The Communication highlights the following areas:

  • Energy efficiency is considered an essential part of the energy system. As such, greater efficiency will reduce the overall investment costs and needs associated with energy production. The Commission will look to issue guidance to Member States to make the principle of energy-efficiency-first operational across the energy system in implementing EU and national legislation.
  • Local energy sources are considered to be used insufficiently or ineffectively. In particular, waste heat from industrial sites, data centres, and similar sources are considered to have significant unused potential. As such, the Renewable Energy Directive and Energy Efficiency Directive will be revised to facilitate the reuse of waste heat through a connection to district heating networks.
  • Wastewater and biological waste and residues for bioenergy production are considered a further significant untapped source. Such biogas is considered a potential asset to be exploited on-site (e.g., on a farm) and integrated into existing renewable energy sources (such as solar electricity and heat). These efforts will be incentivised through a new Common Agricultural Policy, structure funds, and other programmes.

Greater Electrification of End-Use Sectors

Electricity demand is projected to increase significantly as part of achieving climate neutrality, with the share of electricity — as part of final energy consumption — expected to grow from 23% today to 50% by 2050. As such, growth in electricity demand will largely need to be met by renewable energy. While there are certain incentives for electrification on the demand side, particularly in buildings, industry, and transport, an increase in electrification raises challenges on the management of the electricity system at the regional and local level. According to the Commission, several policy and legislative developments will be required to address these challenges, including renewable energy policies, the deployment of electrification technologies (e.g., heat pumps, electric vehicle charging points, and similar devices), and consideration of decarbonisation as part of the Industrial Emissions Directive revision.

Promoting Renewable and Low-Carbon Fuels

The Commission notes that some areas with higher costs may prevent direct electrification. In such instances, renewable or low-carbon fuels will need to be used (including sustainable biogas and biofuels, and renewable or low-carbon hydrogen or synthetic fuels). Notably, the Commission appears to be seeking to promote the use of renewable hydrogen in sectors that are hard to decarbonise (on 8 July 2020 the Commission launched a parallel Communication, “A hydrogen strategy for a climate-neutral Europe”). Additionally, the Commission is seeking to enable carbon capture, storage, and use projects and is considering using the Innovation Fund to demonstrate and scale up such projects.


While the development of an integrated energy system is considered part of the recovery package for COVID-19, such a system is also essential to help the EU achieve its goal of carbon neutrality by 2050.

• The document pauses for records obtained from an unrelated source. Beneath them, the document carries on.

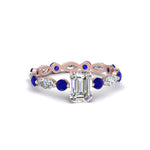 Load image into Gallery viewer, marquise-and-round-eternity-emerald-cut-diamond-engagement-ring-with-sapphire-in-rose-gold-FDEWB9398EMRGSABL-NL-RG_d1007cbd-fee8-48bd-89db-97287b0e5fe7.jpg?v=1756456641
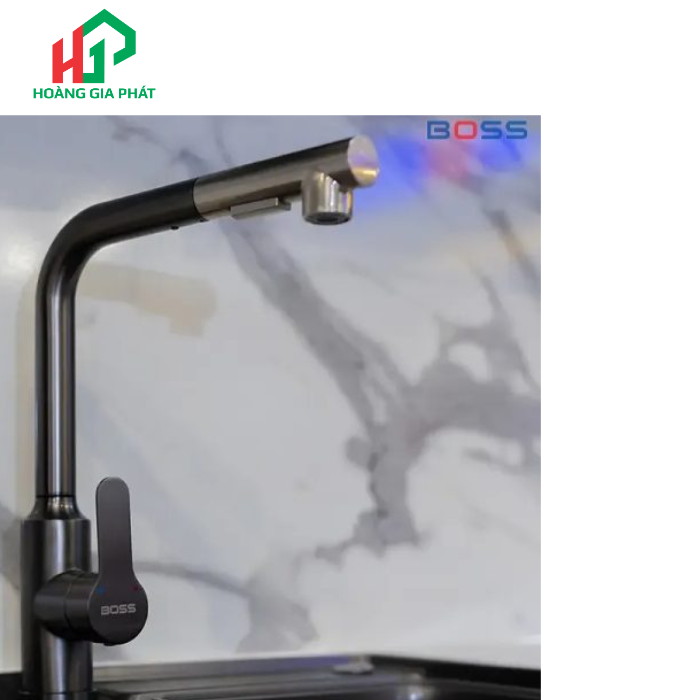 Vòi Dây Rút Mạ Nano BOSS BN622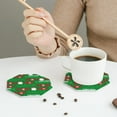 thumbnail image 6 of Bingfone Vintage Cute Santa Leather Drinks Coasters With Set Of 6,Suitable For Home Kitchen,Coffee Cup Coasters Home Gift, 6 of 9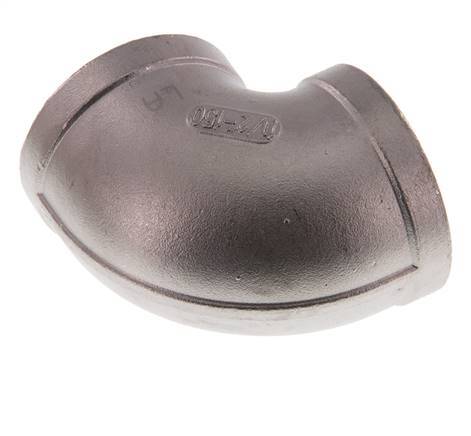 Rp 1 1/2'' Stainless steel 90 deg Elbow Fitting 16 Bar
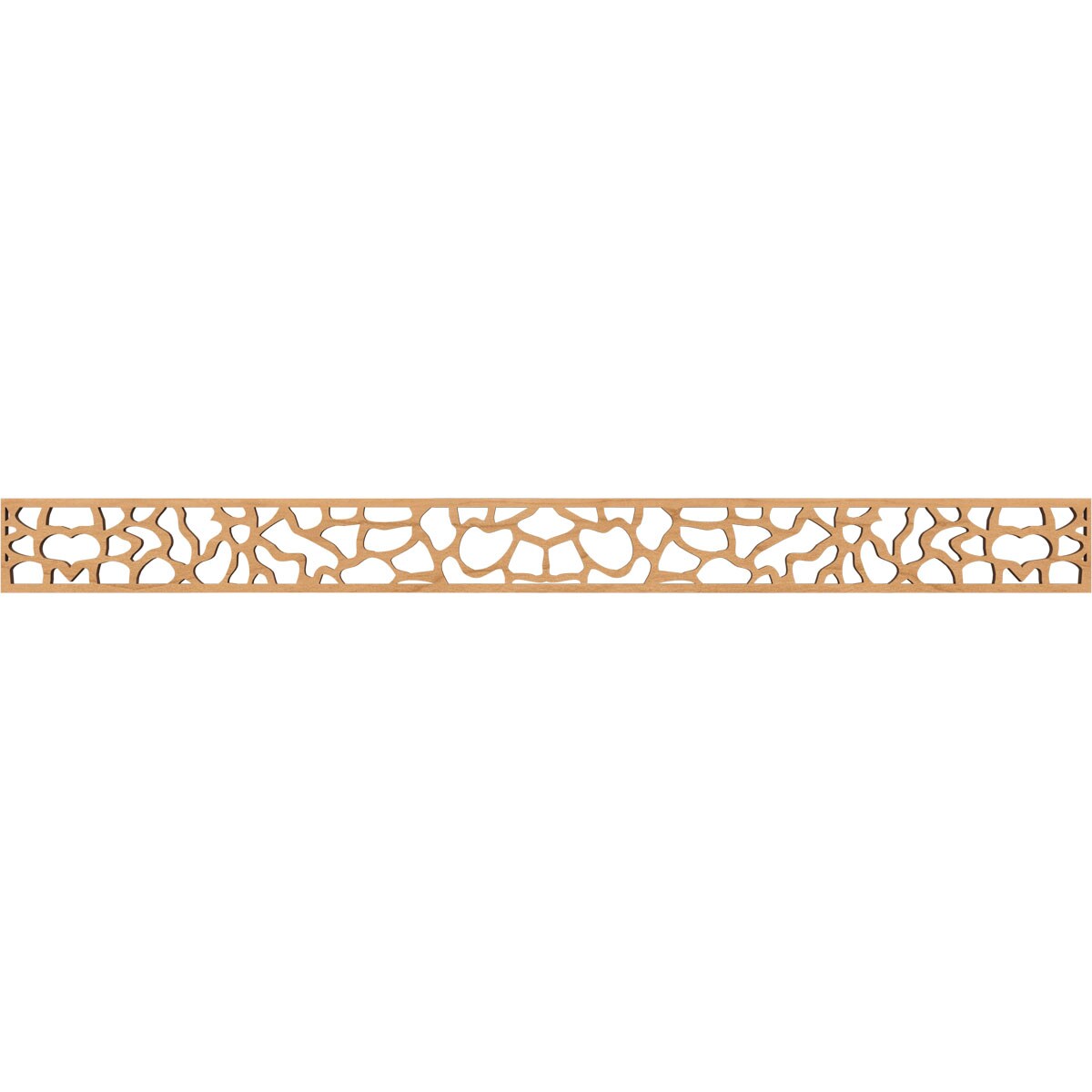 Ekena Millwork MLDB04X46ROCMA Rochester Fretwork Flat Trim 4-in x 3.87-ft Maple Brown Unfinished 2156759 Pierced Wall Panel Moulding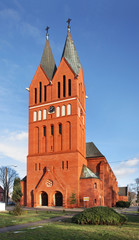 Church of the Andrew Bobola in Swiecie. Poland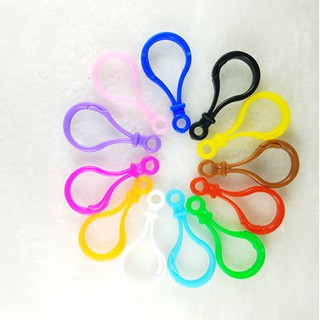 20pcs Candy Color Plastic Lobster Clasp Hooks Bags Purse Key Ring Hook Finding Keychain for Jewelry Making Buckle (7)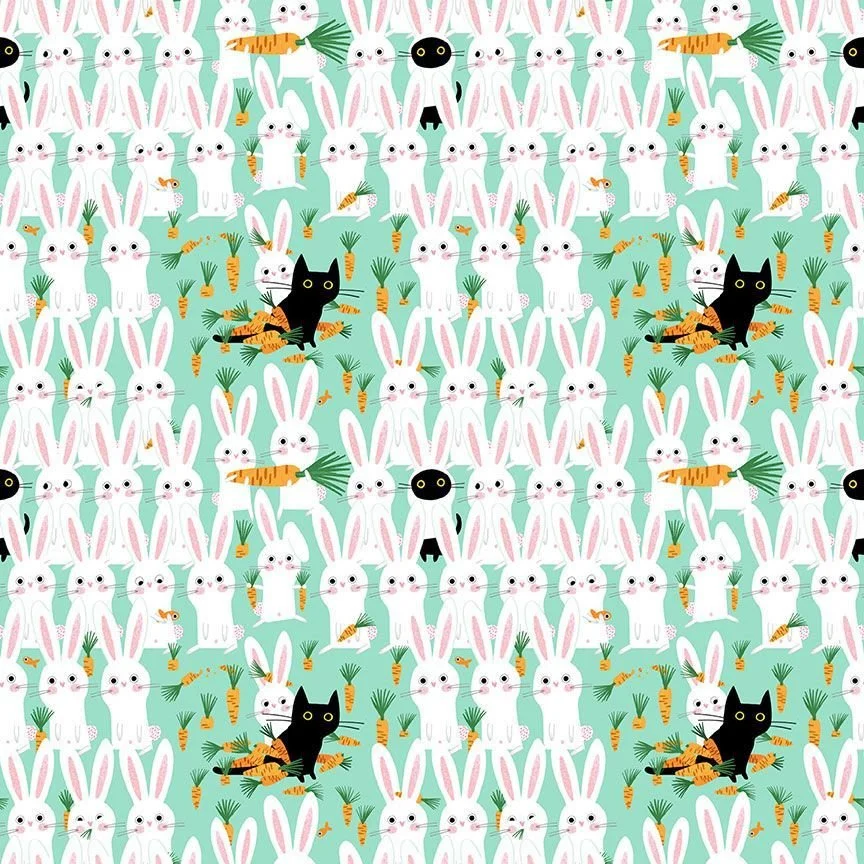 Bunny Meowscapades -Sweet Purrennials by Leezaworks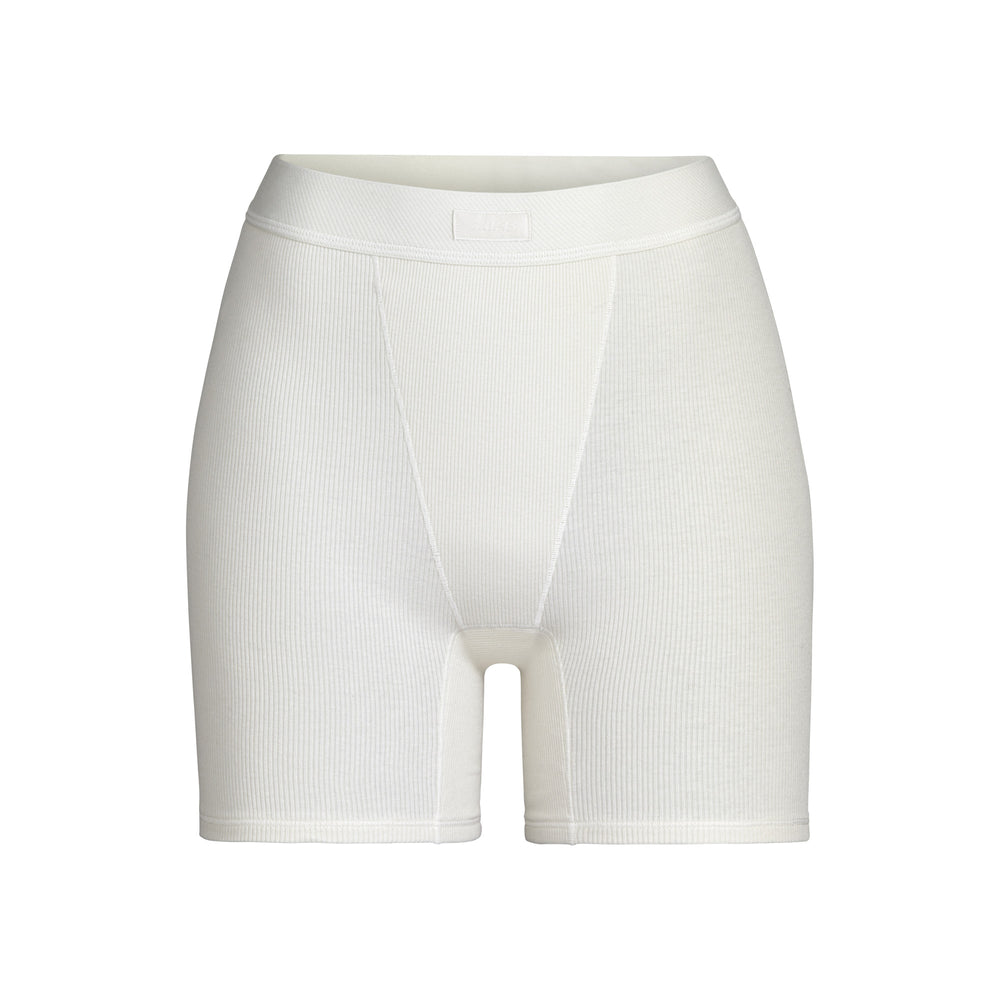 Boxer Shorts Skims COTTON RIB Blanche | 372EOACQB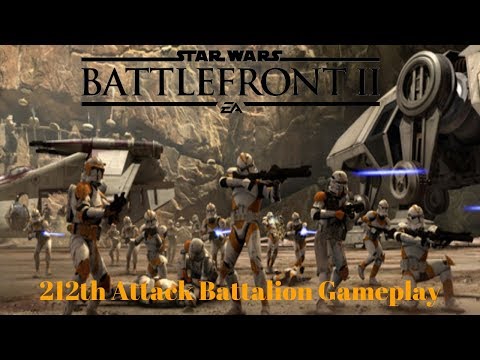 212th Attack Battalion Clone skin Gameplay (All Classes)  (Star Wars Battlefront II)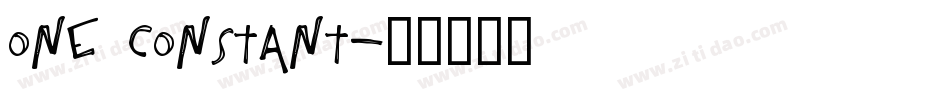 One Constant字体转换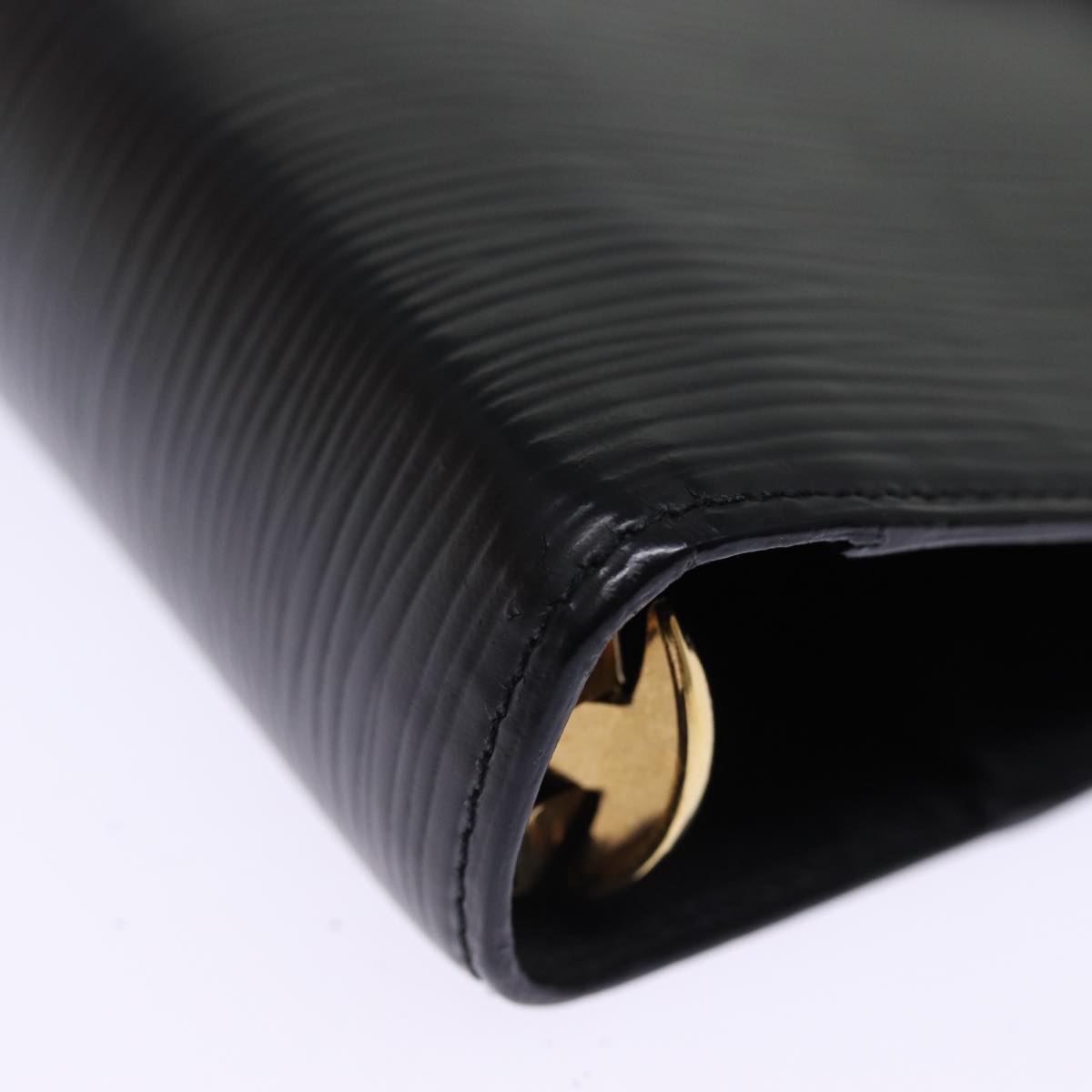 LOUIS VUITTON Epi Agenda MM Day Planner Cover Black R20042 LV 75520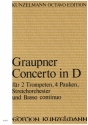 Konzert D-Dur fr 2 Trompeten, Pauken und Streichorchester Partitur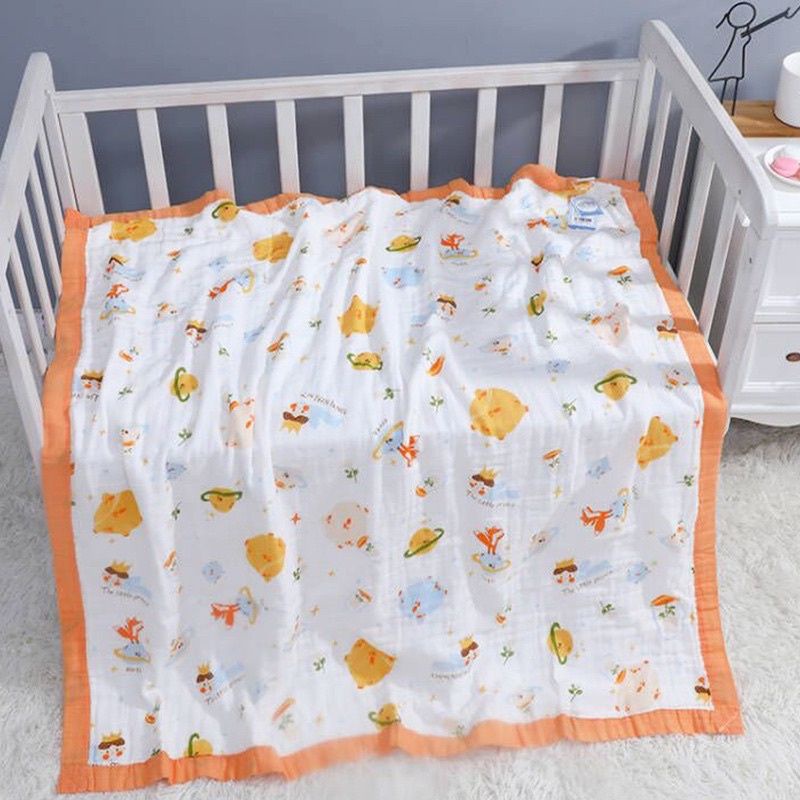 Leleoncare Selimut Dot Nipple Bayi Halus Lembut - Leon Care Slimut Muslin Bamboo Baby - Leleon Care Blanket Premium Baby Newborn - Leoncare Selimut Bayi New Born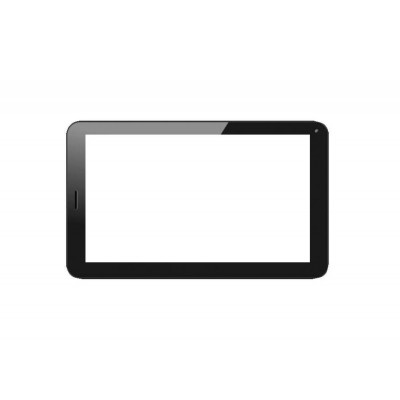 Replacement Front Glass For Zync Z99 2g Calling Tablet Black By - Maxbhi.com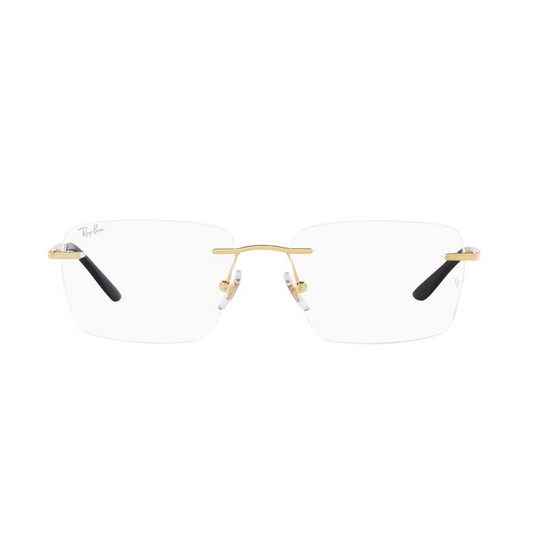 Ray-Ban Golden Rimless Unisex Eyeglasses RB6506I 2500/55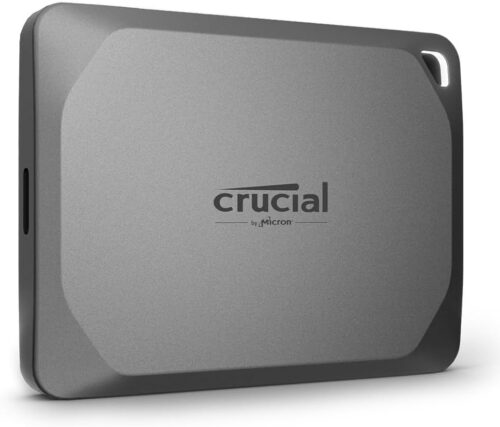 Crucial X9 Pro 2TB Portable SSD – Up to 1050MB/s sustained Reads, Water and Dust Resistant Storage for Photographers and Creators on PC, Mac and More – USB 3.2 External Solid...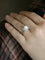 Bague 50 Bague marguerite or blanc perle diamants 58 Facettes 1186.3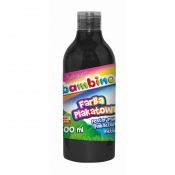 Farby plakatowe Bambino Bambino w butelce 500 ml kolor: czarny 500ml 1 kolor. (czarna)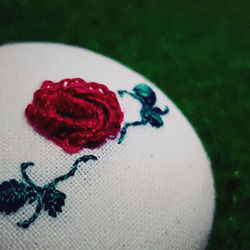 ［手繡別針］我的玫瑰　※即興產物 第7張的照片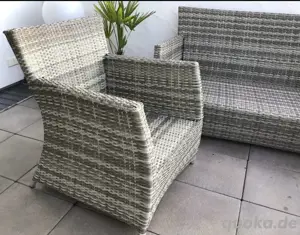 Louge Möbel Rattan grau  Bild 5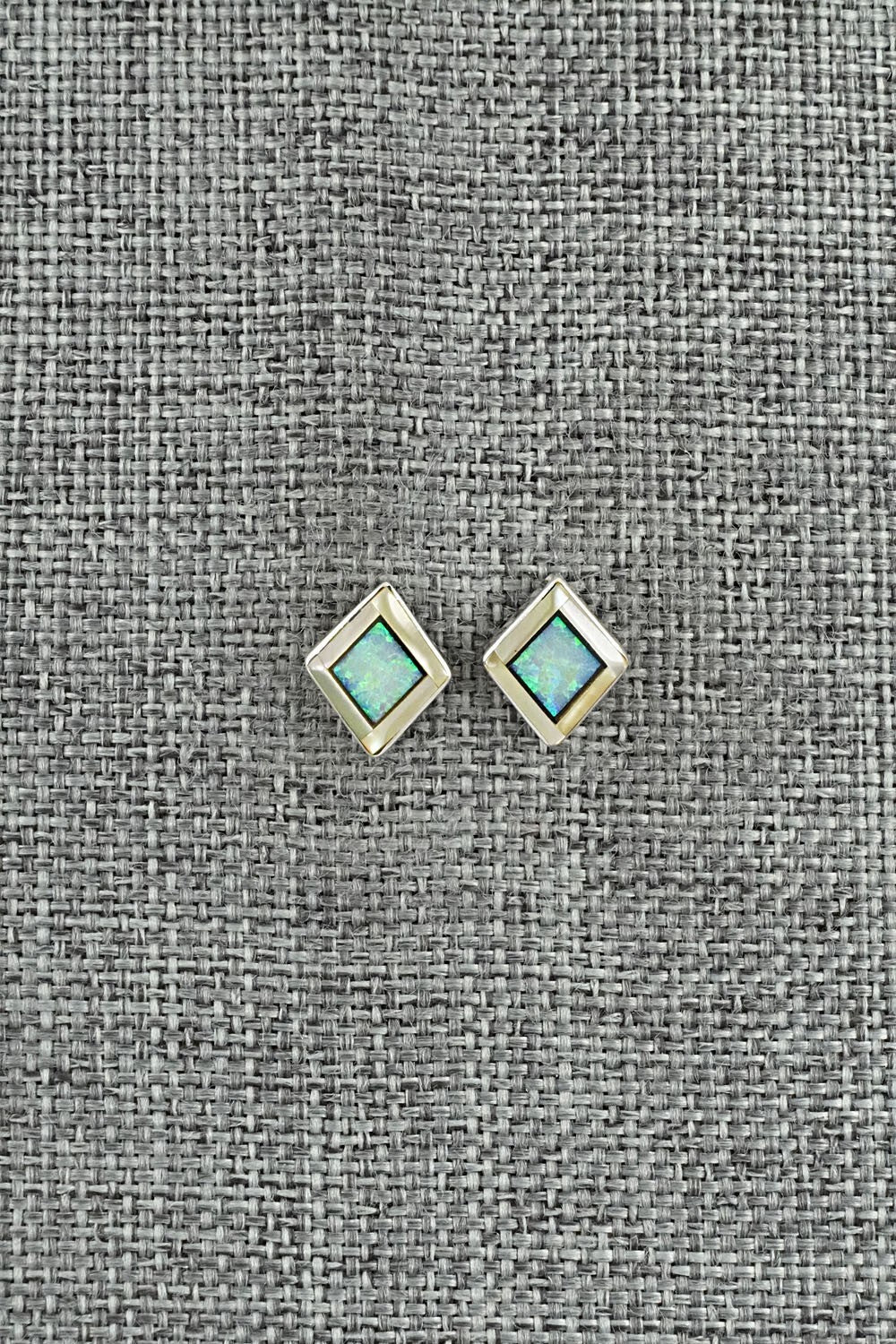 Opalite, Mother of Pearl & Sterling Silver Earrings - Willis Kylestewa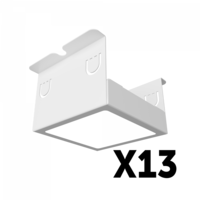 Комплект светильников Geniled Griliato Tetris x13 для ячейки 75x75/15 91Вт 3000К Опал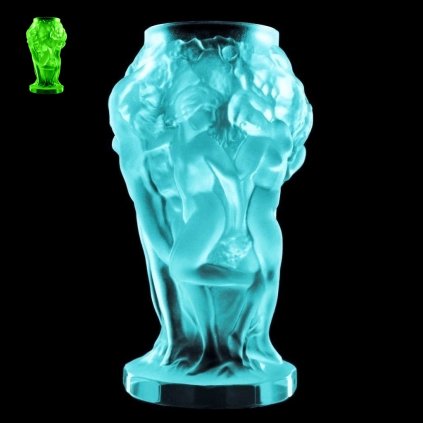 Art Deco and Art Nouveau Glass Vases H.Hoffmann by Lalique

The Commission believes that such integrated energy system will both provide flexibility and boost storage technologies (e.g., pumped hydropower, grid scale batteries, and electrolysers). The Commission also believes that home batteries and electric vehicles in buildings will provide additional flexibility to help manage the distribution system (electric vehicles, for example, could provide up to 20% of the flexibility required on a daily basis).

The measures envisaged by the Commission are wide-ranging and ambitious, and will require profound changes by the EU and by each Member State. Nonetheless, the Communication highlights the EU’s continued commitment to “building back better” and confirms that the Green Deal is at the heart of the Commission’s current policy-making.

Latham & Watkins will continue to monitor developments in this area.